**Requirement**:
Below is a listing to repeat exactly, with its pictures left out.

**Information supplied**:
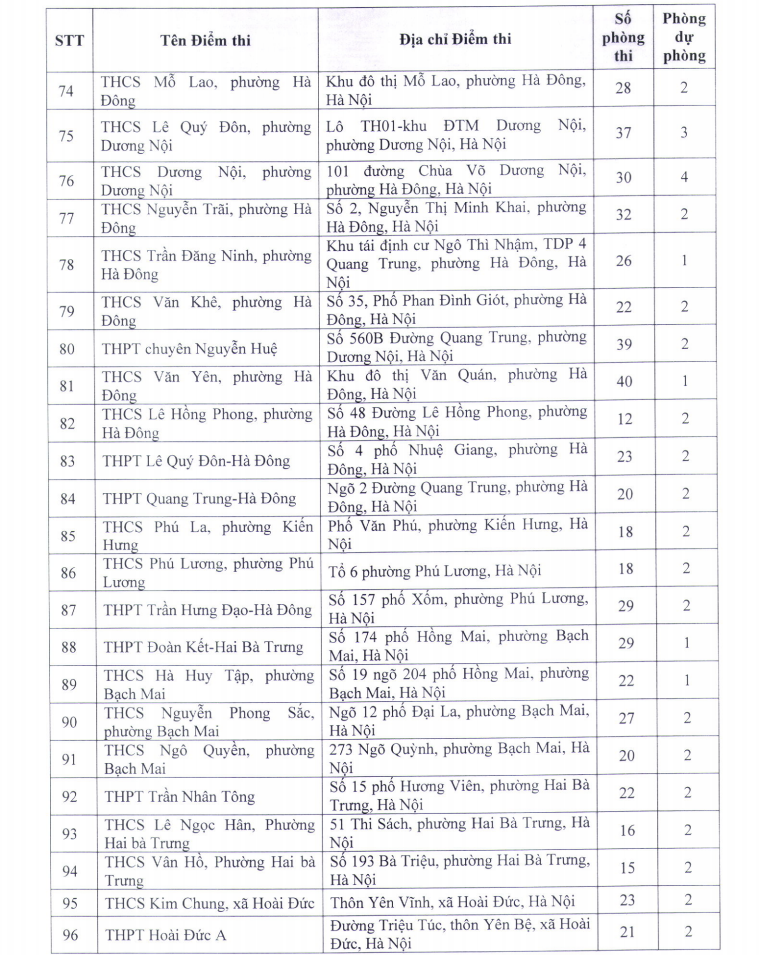 Danh sách các địa điểm thi lớp 10 công lập Hà Nội năm 2026- Ảnh 4.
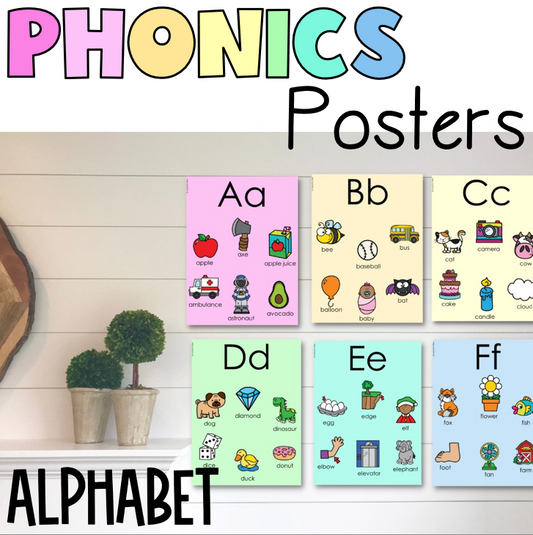 Phonics Posters | Alphabet Posters | All Australian fonts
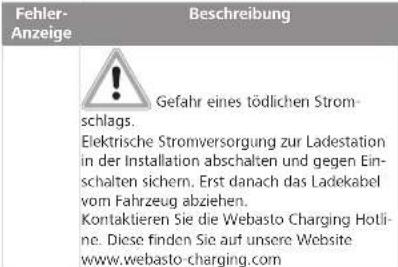 Webasto Pure - LED-Fehleranzeige - 1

**Result**:
 Danh sách các địa điểm thi lớp 10 công lập Hà Nội năm 2026- Ảnh 4.
 Phonics Posters | Alphabet Posters | All Australian fonts
 Webasto Pure - LED-Fehleranzeige - 1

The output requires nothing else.